Search code examples
pythonpandasdataframeseriesboolean-indexing

Using df.loc[] vs df[] shorthand with boolean masks, pandas


Both df[booleanMask] and df.loc[booleanMask] are working for me but I don't understand why. The shorthand df[] without using .loc I thought applied to the column whereas I am trying to apply to the row, so I thought I needed to use .loc

Here is the specific code:

# Boolean operators
# All the games where a team scored at least 4 goals and won to nil
hw_4_0 = (pl23['FTHG'] >= 4) & (pl23['FTAG'] == 0)
aw_0_4 = (pl23['FTHG'] == 0) & (pl23['FTAG'] >= 4)
pl23.loc[aw_0_4 | hw_4_0]

For example, pl23.loc[aw_0_4 | hw_4_0, :] also works, but pl23.loc[:, aw_0_4 | hw_4_0] doesn't. I thought that df[boolean mask] was short hand for the latter (as with indexing), so why does it work in this instance?

Used pl23.loc[aw_0_4 | hw_4_0] which returned the data frame the query was designed for, whereas I was expecting IndexingError: Unalignable boolean Series provided as indexer (index of the boolean Series and of the indexed object do not match).


Solution

  • df[…] vs df.loc[…] applies on columns vs index, when you use labels.

    If you pass a boolean Series (or other iterable) for boolean indexing, then they both act on the index level.

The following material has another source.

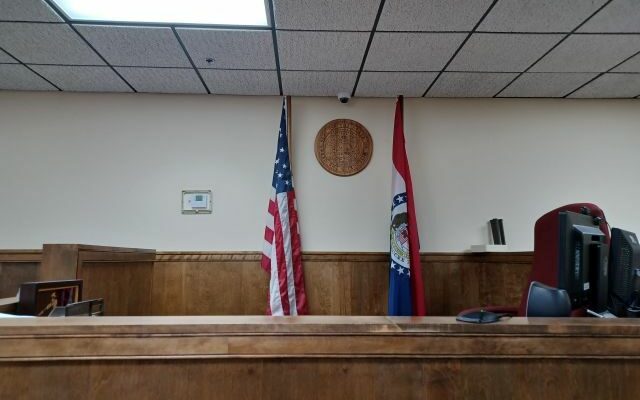 Two cases in front of Judge Colin Long in Pulaski County Associate Court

To perform boolean indexing on columns, you need df.loc[:, …]

    Example:

    df = pd.DataFrame({'col1': [1, 2, 3], 'col2': [4, 5, 6]})
    
    # select "col1" in the columns
    df['col1']
    
    # select "0" in the index
    df.loc[0]
    
    
    # boolean indexing on the index
    df[df['col1'].ge(2)]
    # or
    df.loc[df['col1'].ge(2)]
    # or
    df[[False, True, True]]
    # or
    df.loc[[False, True, True]]
    
    
    # boolean indexing on the columns
    df.loc[:, df.loc[0].ge(2)]
    # or
    df.loc[:, [False, True]]